Without a doubt, the most formally daring passages in all of Davies’ films, and the most unfailingly gorgeous and affecting, are the song sequences. These paeans to pub culture, or to the humdrum everyday lives of housewives, are romantic tributes to social solidarity; while the existence of the rebel or the outlier is tragic or hideous, it is joyous when mainstream Britain unites under the banner of the Union Jack and the hit parade. Davies makes room for these bold poetic moments even in his more broadly narrative films, and their appearance is telling. In The Deep Blue Sea, after Hester and Freddie have the fight at the pub that will precipitate their breakup, she runs down into the tube station. The sound of a departing train sends her into a Proustian recollection of taking shelter in the tube during a blitzkrieg. Londoners from all walks of life are huddled together under minimal lamplight, terrified, not knowing how long the ordeal will continue. A young man begins singing “Cockles and Mussels,” and soon everyone in the tunnel is slowly, mournfully singing along. Davies tracks right to left; the camera lights on a shivering Hester and William, dazed and holding one another. Here, we have the total coalescence of everything Davies’ cinema advocates: the passionless but kind couple coheres in a moment of basic survival, which for the Britons of World War II was, in fact, the stuff of day-to-day life. What’s more, this bond is a small node within a much larger social and national unity. As if to make the point clear as crystal, Davies lifts this extraordinary/mundane moment out of the fabric of the film through stark lighting, deliberate camera movement, and the sheer beauty of the song’s performance—an experimentalist contrast with the relative realism that surrounds it.
When Davies advocates “normal love,” he is not kidding the way Jack Smith was. Although I have tried to clarify an aspect of Davies’ films that is seldom addressed, I want to make it clear that their valorization of social norms in no way diminishes their formal acuity or their affective power. Davies is quite obviously an artist at odds with both his times and with what it means to be part of a marginalized group, systematically excluded from absolute belonging with the dominant culture. It is this anxious dislocation, I believe, that makes his films so deeply humane, and The Deep Blue Sea is no exception.
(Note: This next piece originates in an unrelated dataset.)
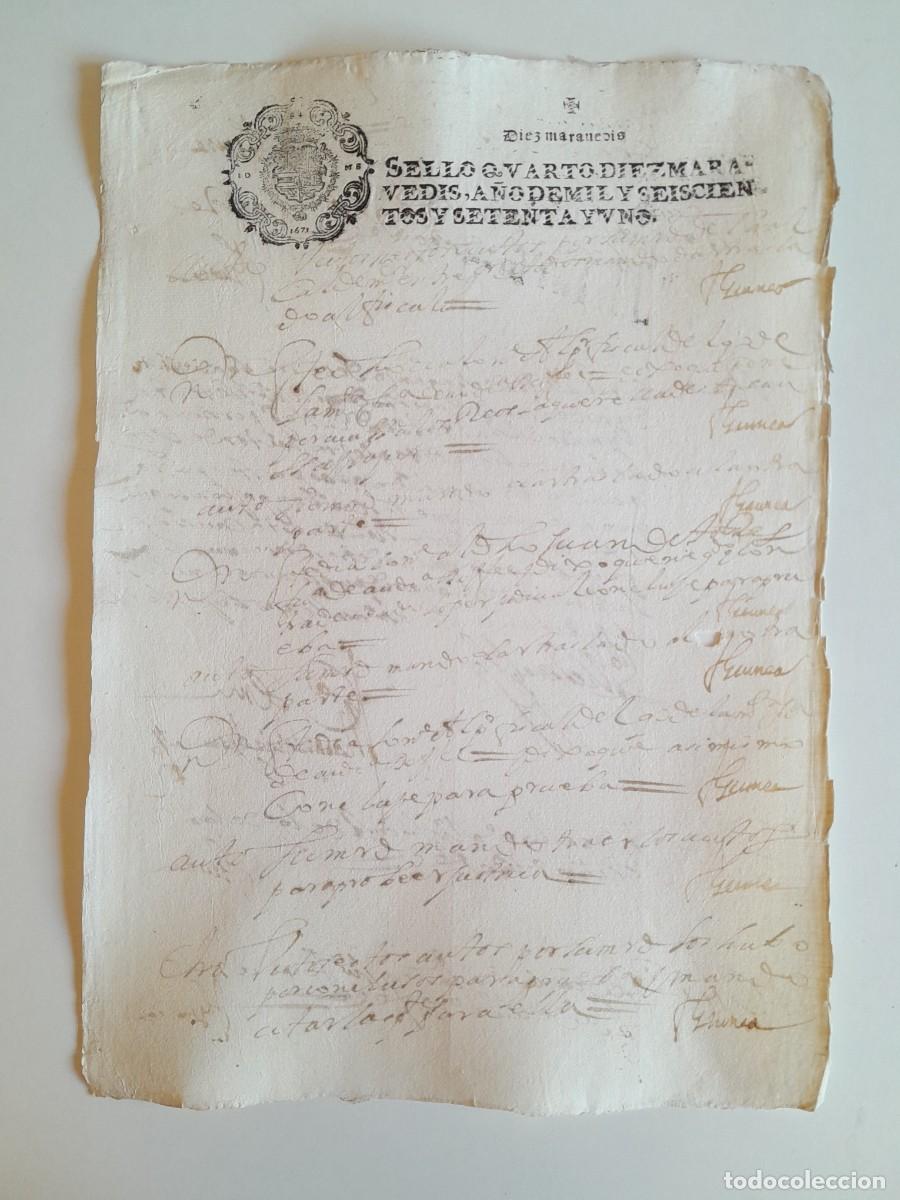 Manuscritos antiguos: PAPEL TIMBRADO DE SELLO CUARTO A&Ntilde;O 1671 - LUGAR DESCONOCIDO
I began this essay by reconsidering the critical history of mainstream vs. counter-cinemas, and the fact that radical forms so often accompany radical ideas. We should perhaps expand this critical assessment so as to account for yet another counter-trend, the radical conservatives, whose ranks include not only Terence Davies but also artists as diverse as Aleksandr Sokurov, Gaspar Noé, Otar Iosseliani, Terrence Malick, and Vincent Gallo.